Tuesday, June 09, 2009
At the Threshold of ALCHEMY
by John Amen
Softbound, 83 pages
Review by Zvi A. Sesling
Raw. That’s the word that comes to mind when I read many of the poems in John Amen’s At the Threshold of ALCHEMY. The other thought I have is that when he writes about subjects such as death, divorce, masturbation (during a wake) there is a sense of the merciless, unending sledgehammers pounding you as in After the Funeral:
The floorboards exhaled,
walls slept for the first time in years.
Grandma slouched in the foyer,
her belly mounding in her lap, makeup streaked.

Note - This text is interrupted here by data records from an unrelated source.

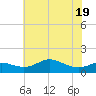 North Point tide chart for Monday, May 19, 2025
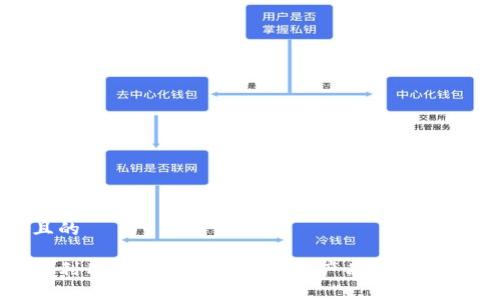 思考一个并且的
顺鑫农业如何利用区块链技术提升农产品质量与供应链透明度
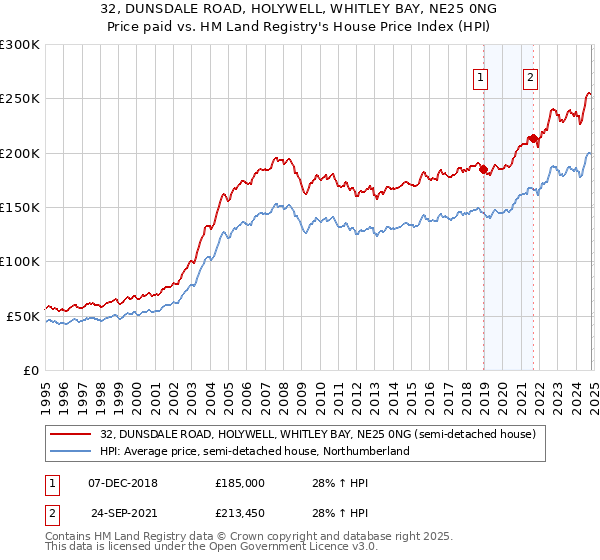 32, DUNSDALE ROAD, HOLYWELL, WHITLEY BAY, NE25 0NG: Price paid vs HM Land Registry's House Price Index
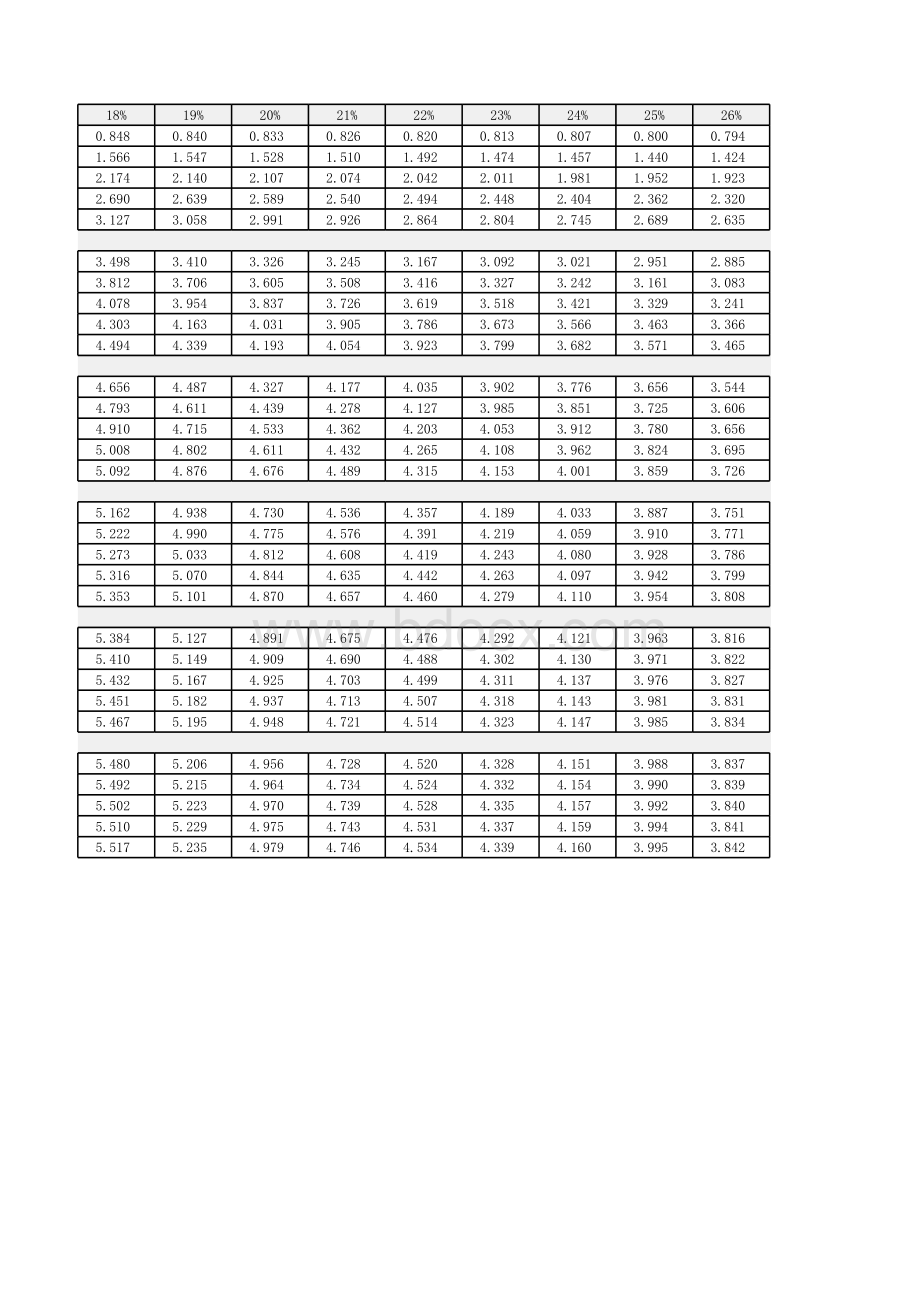 年金现值系数(PA-i-n)表.xlsx_第3页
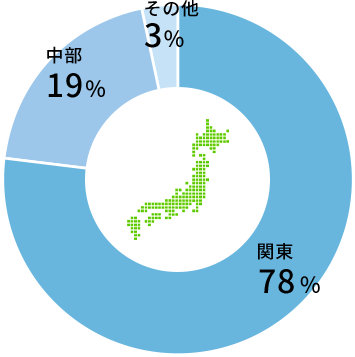 工事物件地域別割合のグラフ
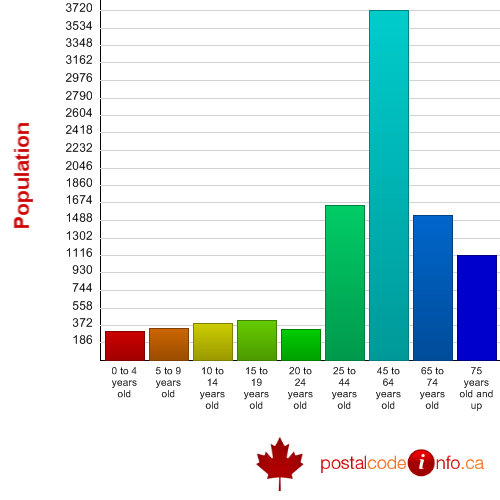Age breakdown for St-Sauveur, QC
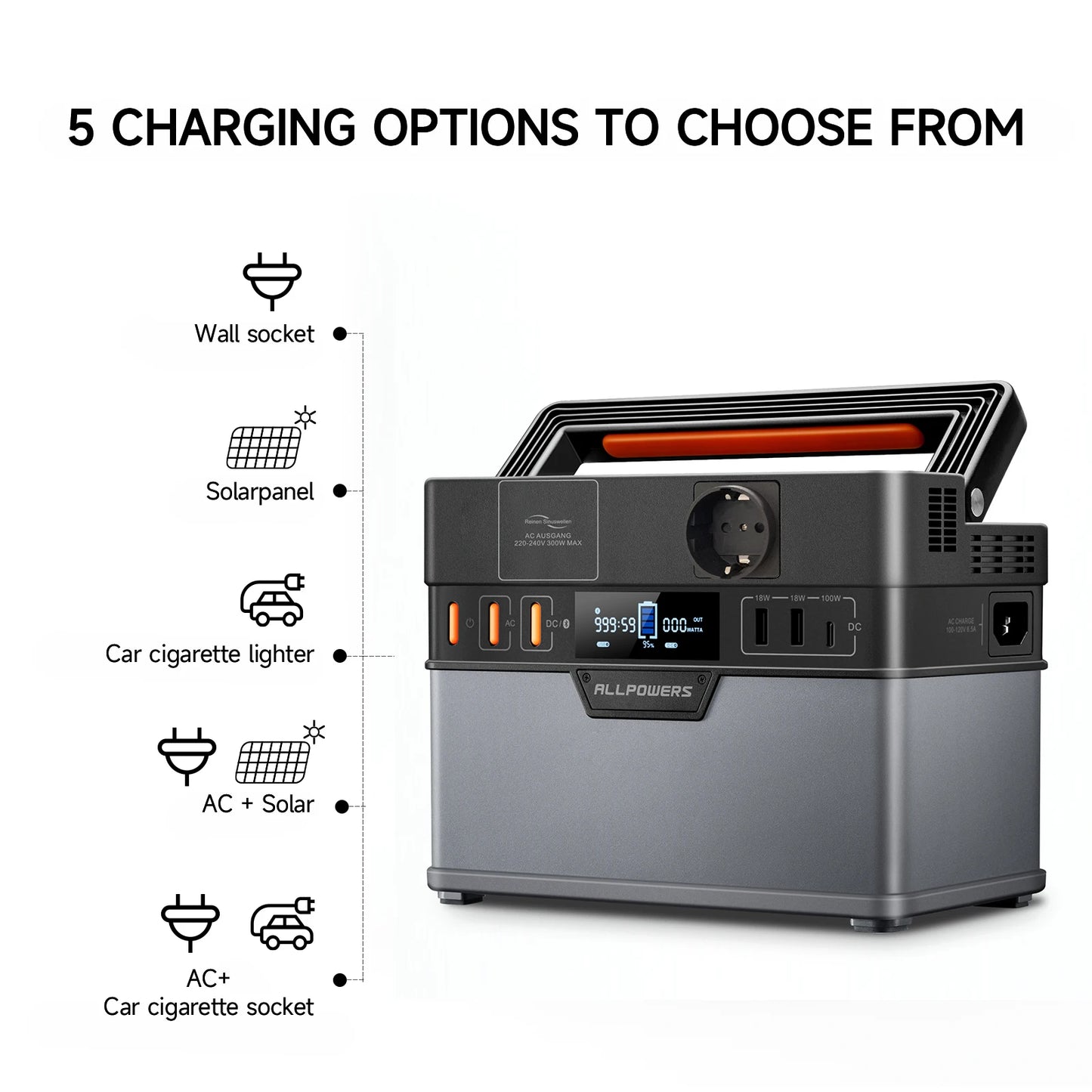 ALLPOWERS Portable Power Station 300W 288Wh Pure Sine Wave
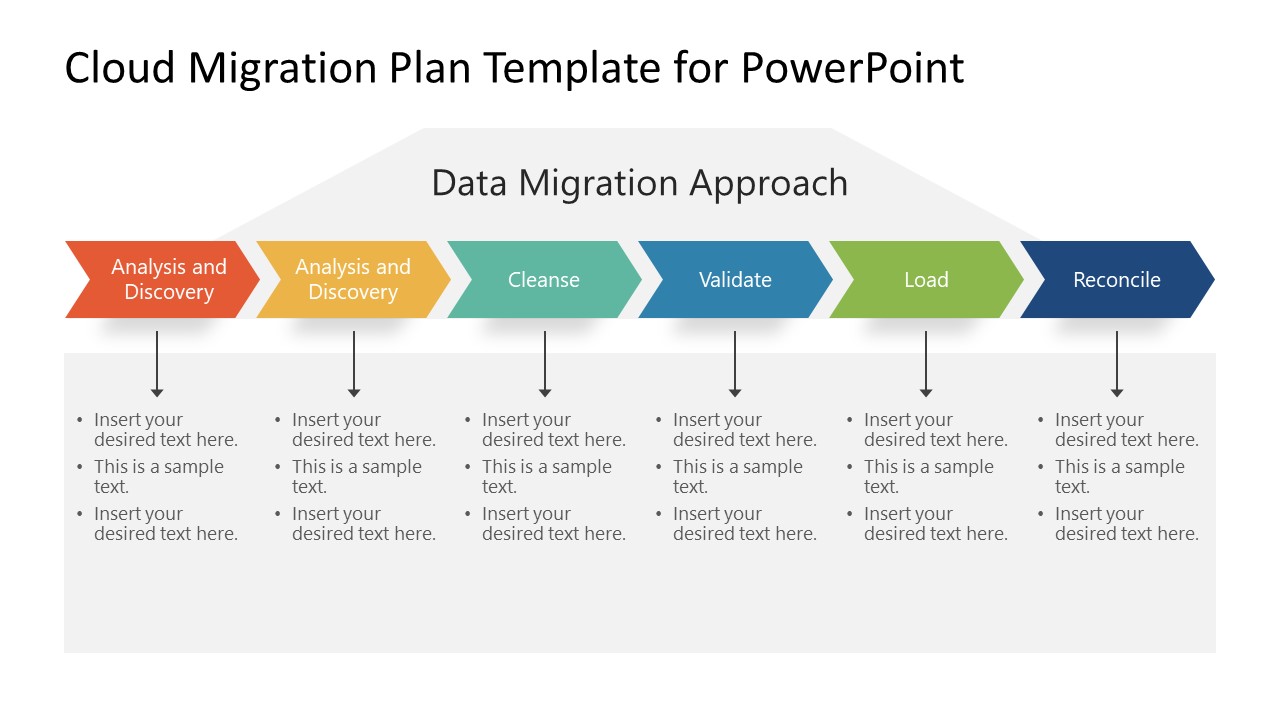 Cloud Migration Plan Template For PowerPoint SlideModel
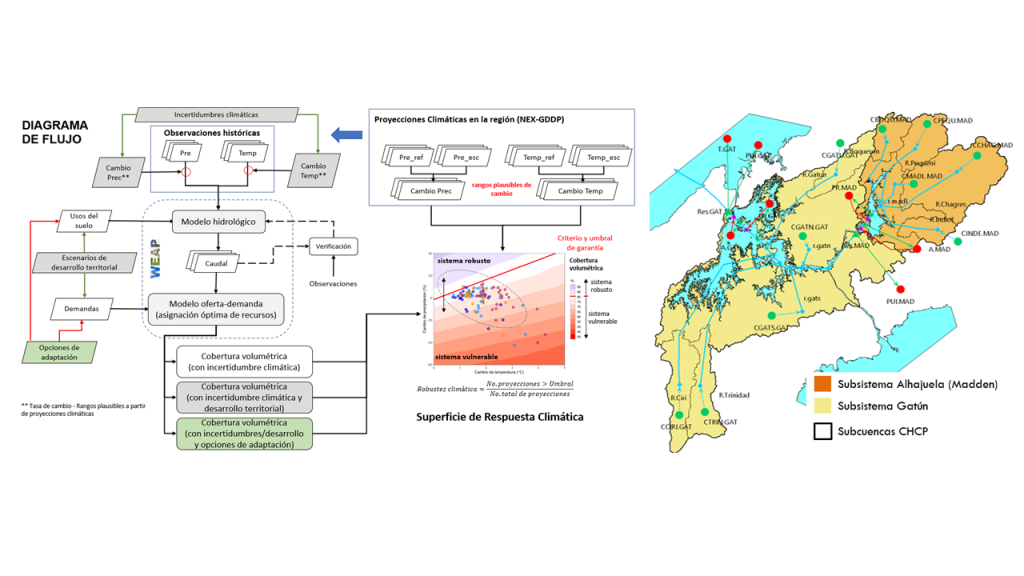 Metodología RDM usada en el proyecto PIOTA-CHCP (izqda.) y modelo WEAP-CHP construido como base para los análisis de robustez climática. 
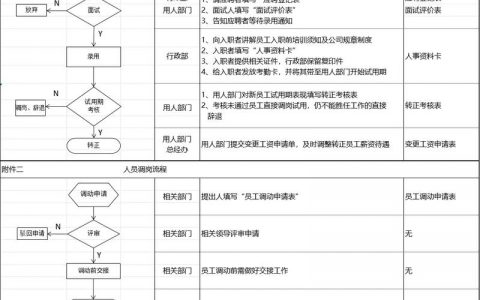 招聘程序是什么，招聘程序具体步骤是怎样的？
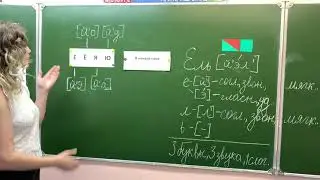 Буквы Е,Ё,Ю,Я, которые обозначают 2 звука в начале слов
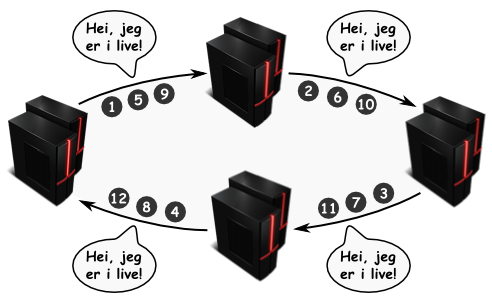 pingring1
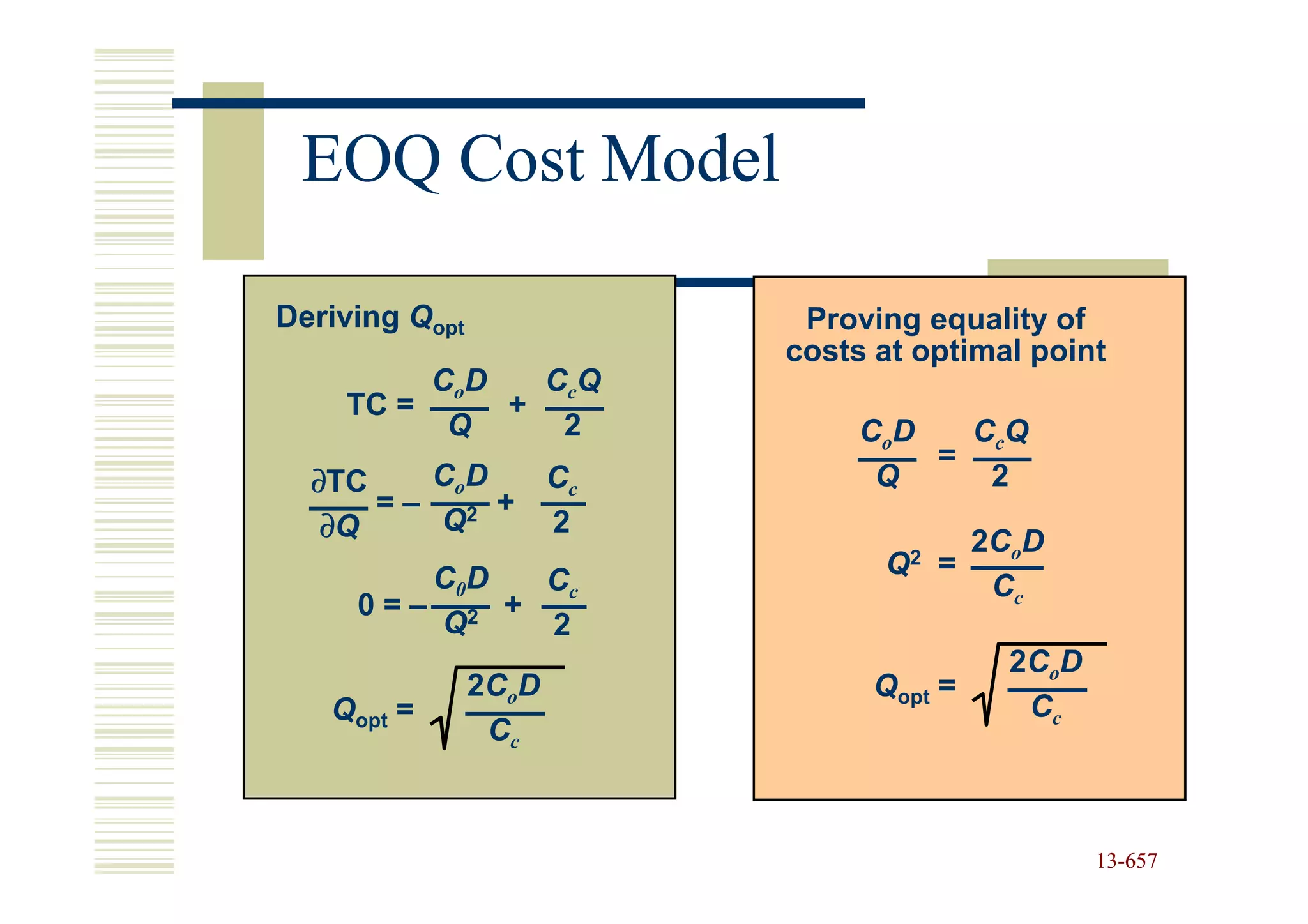 EOQ Cost Model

I distracted myself in the basement, thinking
of Ms. Gilham, my face in her cleavage.
Upstairs, aunts and neighbors – the mercenaries
of resilience –cooked, cleaned, scrubbed
until the house could have passed for a delivery room
and his brother gnawing the gristly silence.
No one noticed the stain on my corduroys
or saw me put a silver spoon in my pocket.
Amen’s visuals are explicit, his meanings an opposite of what a good wake or shiva is all about. The mystery is his age at the event. The final result can be fascination or revulsion.
In the poem Martin Amen writes directly to a friend:
You were seriously fried, Martin, when you got back from Ecuador,
demanding steak fajitas at the Dairy Queen, asking stranger if they
planned to vote for the messiah in the next election.
There is much more to this poem, more of muscle and gristle Amen is best at portraying.
His poetry is a mirror of the underside of life, poems that reflect visions of the sex, drugs and rock ‘n’ roll, bad dreams that crawl into the brain and come out the eyes. A pen – or computer – that tries to record it all while it’s fresh as a dandelion still yellow. His surrealism is Dali in words, Picasso in thoughts wrought in short, raw poems.